Problem statement: Your task is to print, exactly and only, the lines from the start of the entries below through the line with "ya 1 8.5.1 4B0919275B". Include both ends, but skip the pictures.

Material provided:
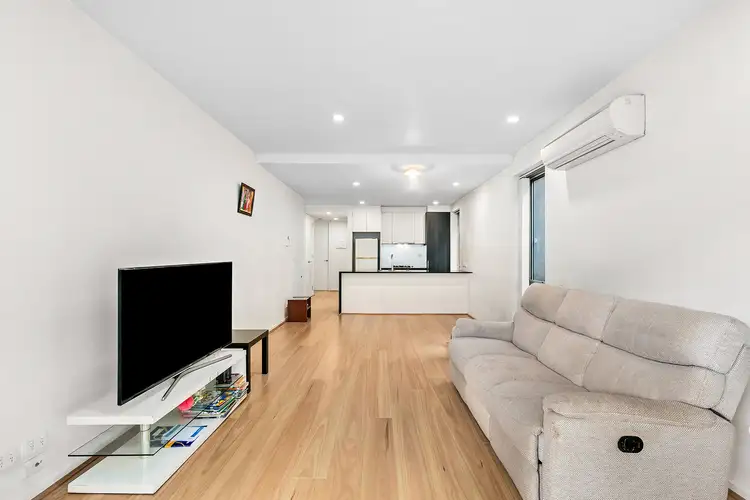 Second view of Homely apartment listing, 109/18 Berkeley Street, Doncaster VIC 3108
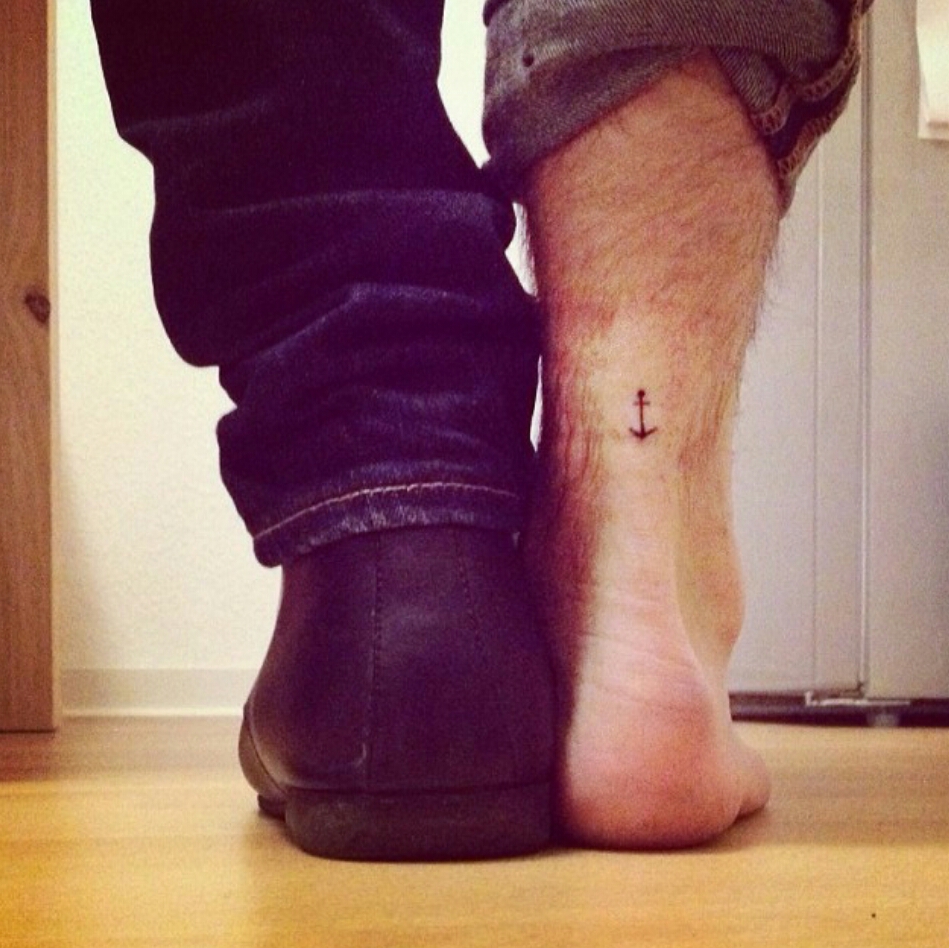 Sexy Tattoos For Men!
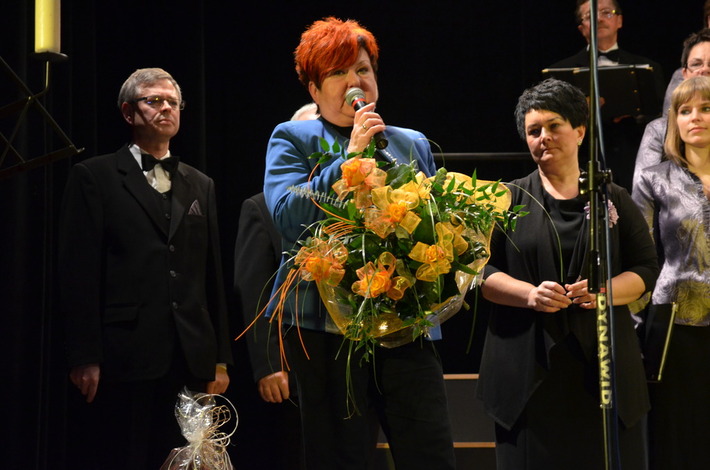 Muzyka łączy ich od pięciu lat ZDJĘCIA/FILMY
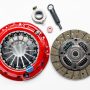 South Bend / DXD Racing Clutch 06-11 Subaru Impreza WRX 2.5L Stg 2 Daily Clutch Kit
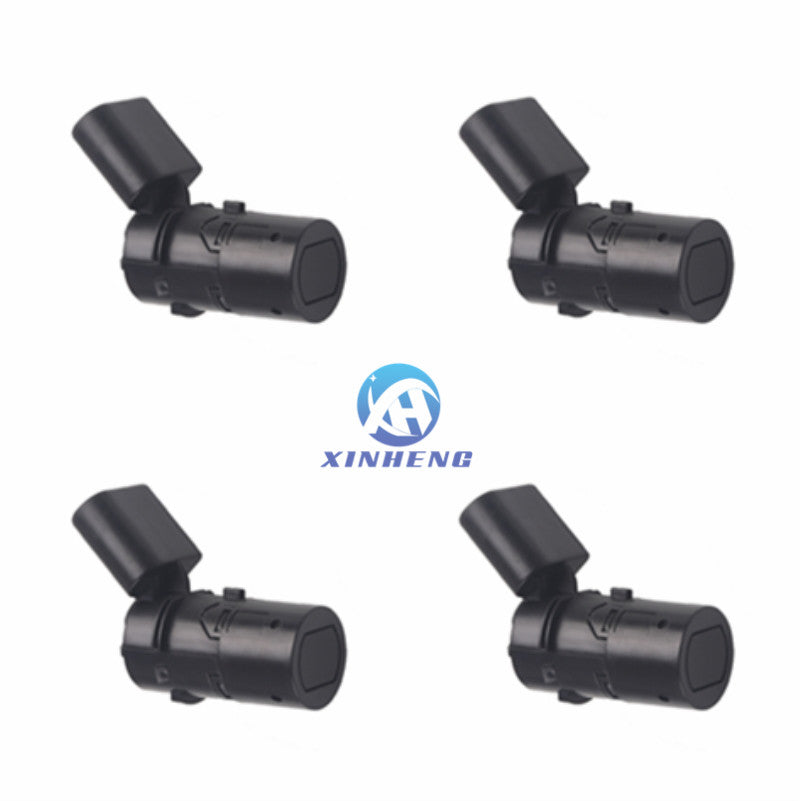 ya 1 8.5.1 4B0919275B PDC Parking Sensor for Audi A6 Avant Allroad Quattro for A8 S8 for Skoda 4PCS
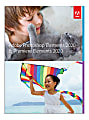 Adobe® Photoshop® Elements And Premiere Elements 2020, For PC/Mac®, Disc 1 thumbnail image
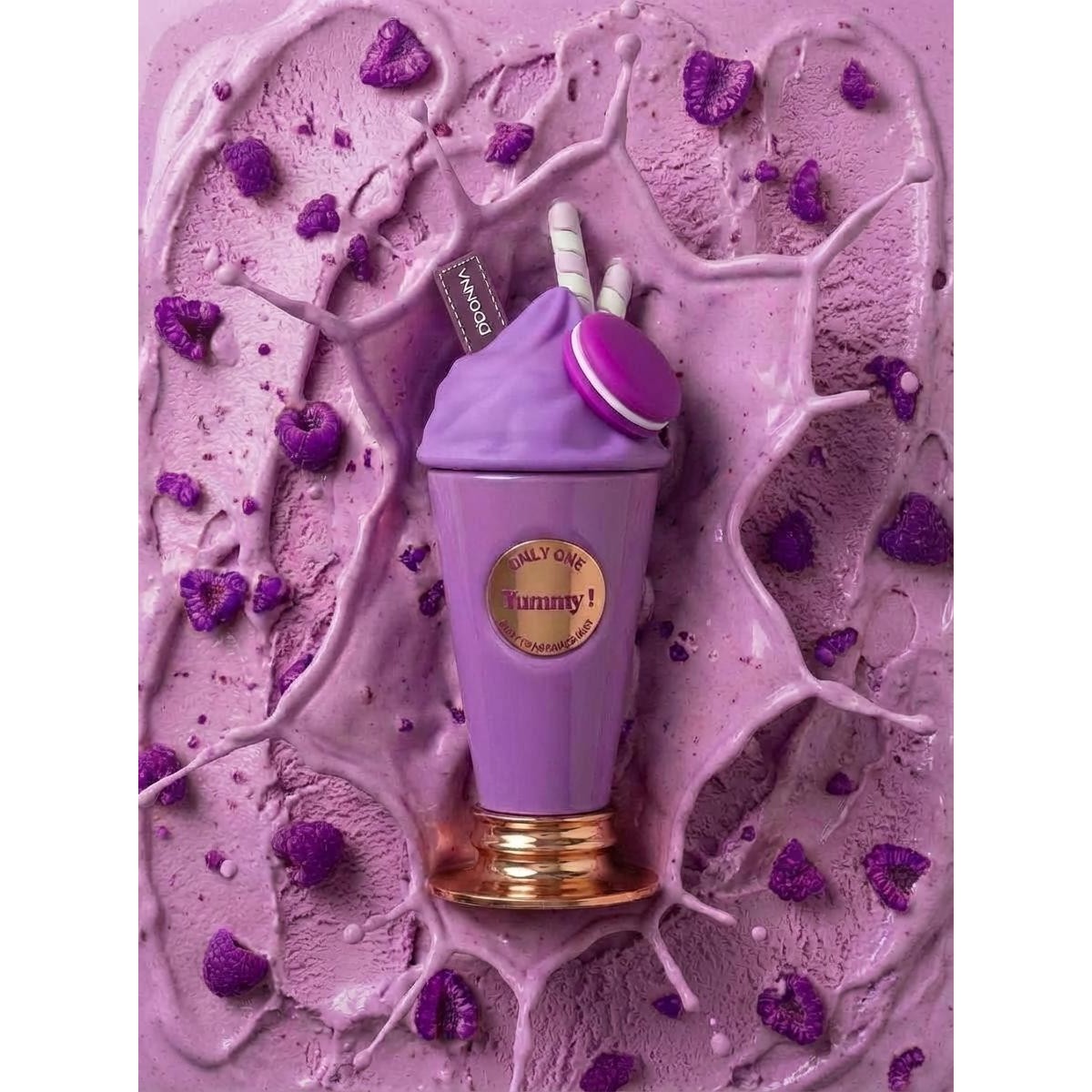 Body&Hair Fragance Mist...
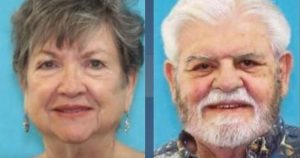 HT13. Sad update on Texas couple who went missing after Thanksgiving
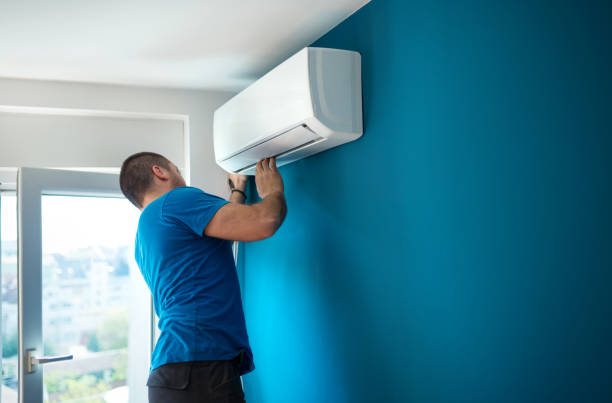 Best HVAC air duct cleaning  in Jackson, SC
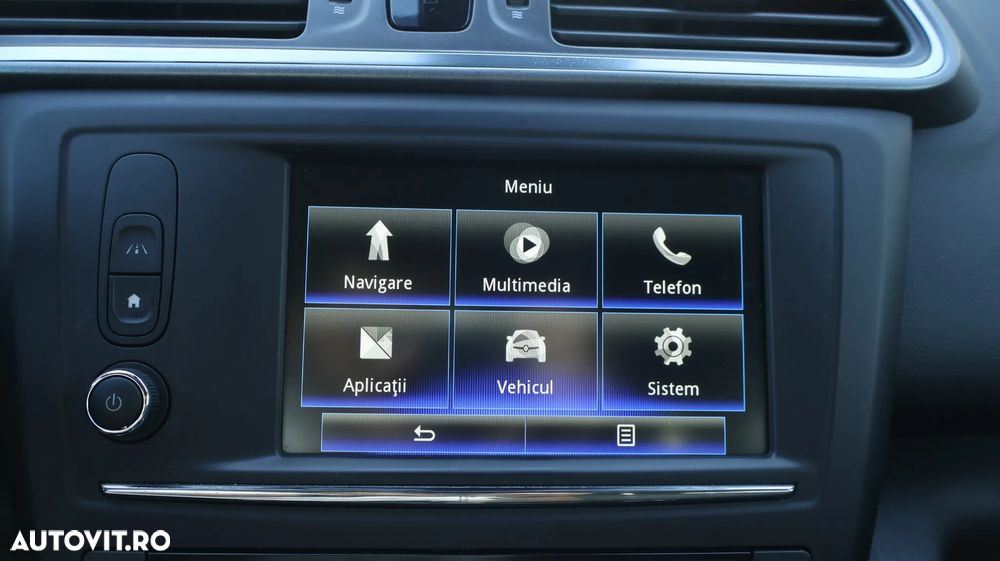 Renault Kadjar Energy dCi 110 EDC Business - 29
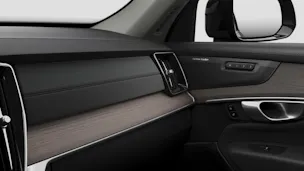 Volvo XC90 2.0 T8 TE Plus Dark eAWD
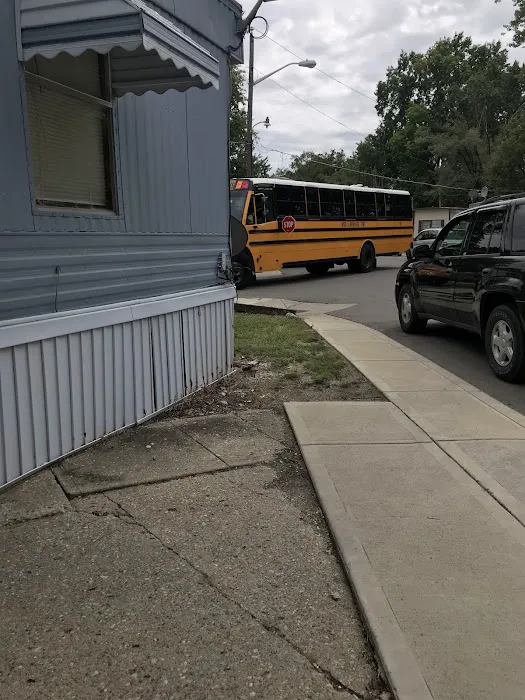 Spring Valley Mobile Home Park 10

Task response:
 Second view of Homely apartment listing, 109/18 Berkeley Street, Doncaster VIC 3108
 Sexy Tattoos For Men!
 Muzyka łączy ich od pięciu lat ZDJĘCIA/FILMY
 South Bend / DXD Racing Clutch 06-11 Subaru Impreza WRX 2.5L Stg 2 Daily Clutch Kit
 ya 1 8.5.1 4B0919275B PDC Parking Sensor for Audi A6 Avant Allroad Quattro for A8 S8 for Skoda 4PCS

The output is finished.